Australia's embattled prime minister voiced concern Thursday that her political enemies could be interfering in a police investigation of a lawmaker accused of misappropriating money to pay prostitutes _ a scandal that threatens to bring down her government.
Prime Minister Julia Gillard attacked her opponents in the Liberal Party after a newspaper reported Thursday that they had advised New South Wales state Police Commissioner Andrew Scipione last week of a dossier of evidence they had against government lawmaker Craig Thomson.
Lawmakers in Gillard's Labor Party accused New South Wales Police Minister Mike Gallacher, a Liberal lawmaker whom Scipione answers to, of tarnishing the police image of impartiality by personally telephoning the police commissioner about such a politically sensitive case.

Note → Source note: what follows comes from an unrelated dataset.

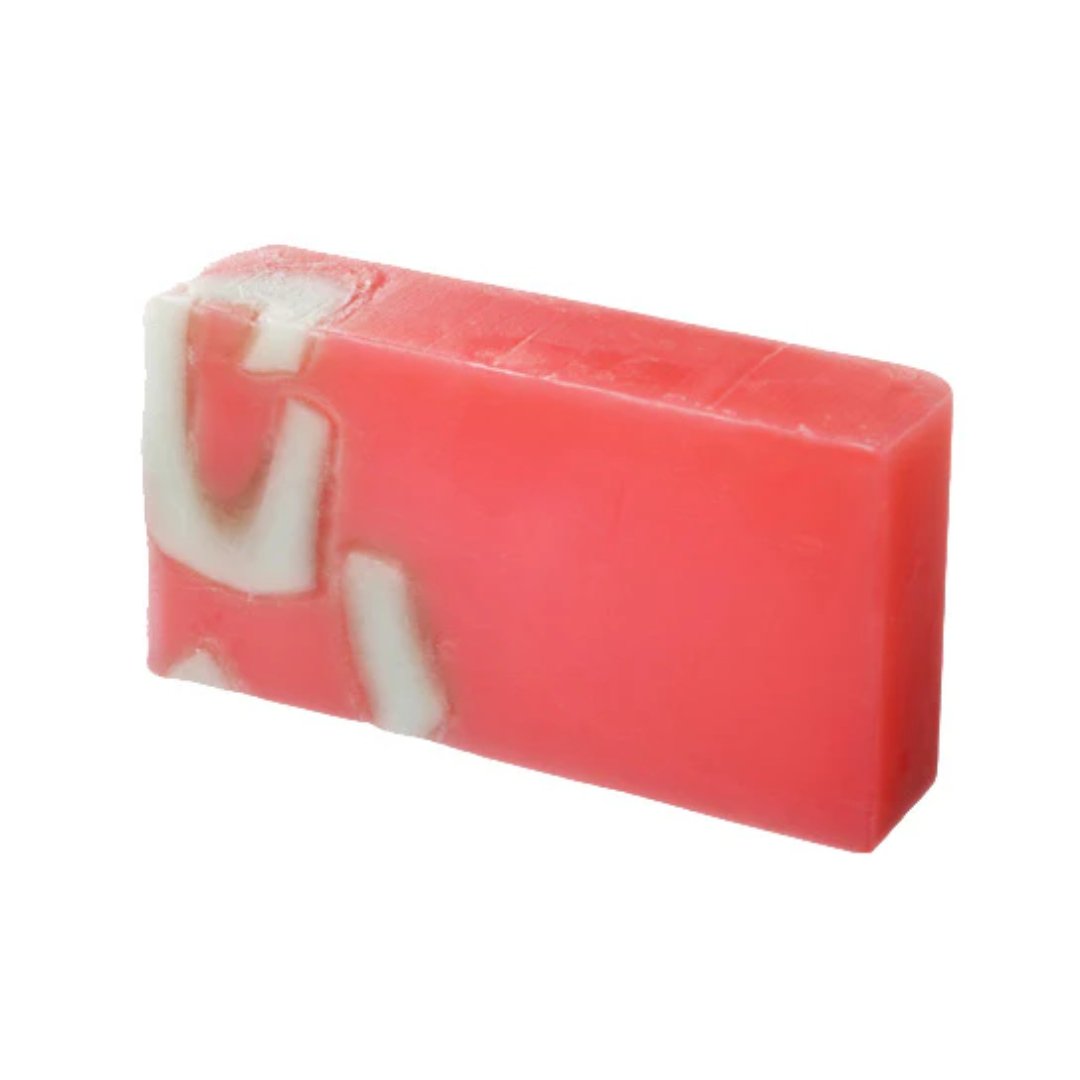 Strawberry Bath and Body Soap by Osmia (120g) Sauna Soaps | Finnmark Sauna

"I am deeply concerned about what's reported in The Sydney Morning Herald," Gillard told reporters. "Our system of democracy, our system of government relies on the fact that office bearers like police commissioners independently of political processes exercise their best judgment."
Federal Attorney General Robert McClelland said New South Wales police guidelines call for officers to work impartially and without regard for possible political advantage.

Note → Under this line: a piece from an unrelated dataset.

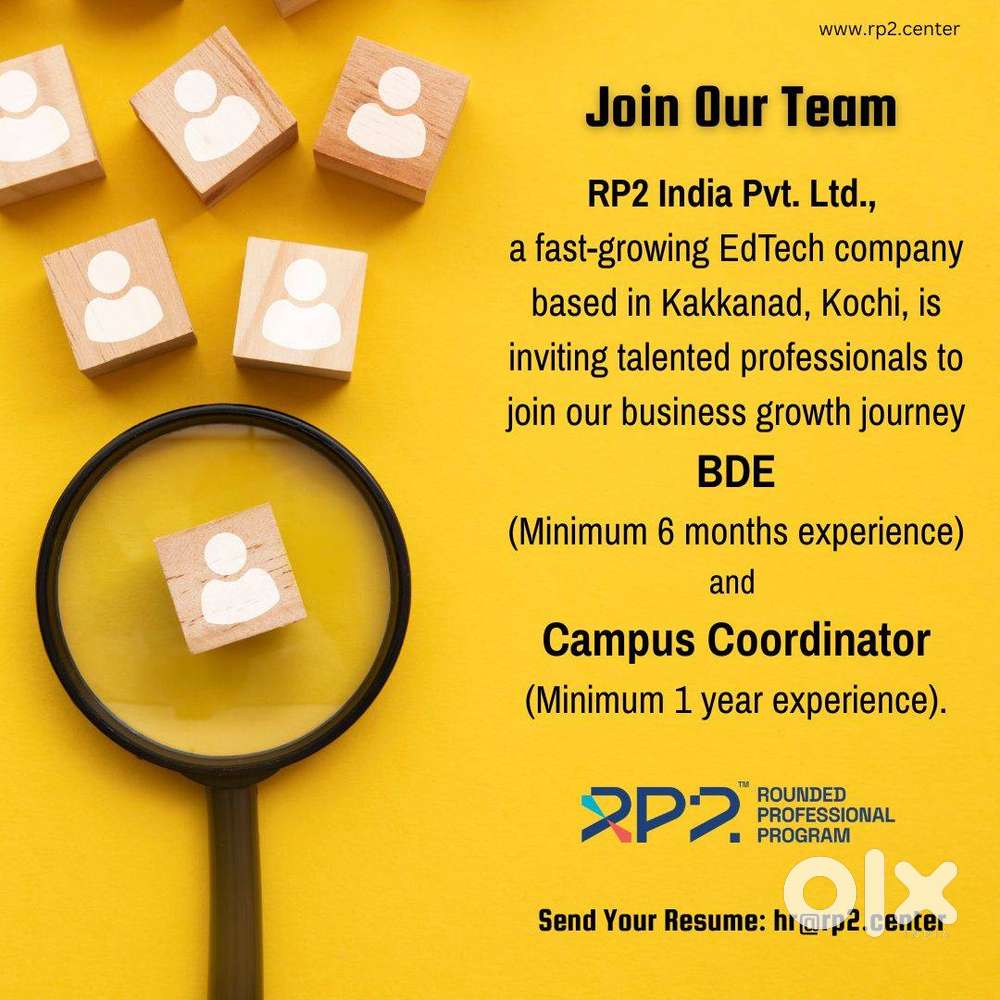 Business Development Executive & Campus Coordinator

"It is quite irresponsible for any politician to take a course of action that has the potential to tarnish the public's perception of that complete impartiality," McClelland told Parliament.
"Any member of the public can refer to police officers an issue of concern in respect to potential breach of the law, but to take action that purports to induce them is crossing the line," he said.
On Tuesday, Scipione announced that the police fraud squad was investigating Thomson on the basis of evidence that Liberal Sen. George Brandis faxed to the police commissioner on Monday. Thomson has denied any wrongdoing.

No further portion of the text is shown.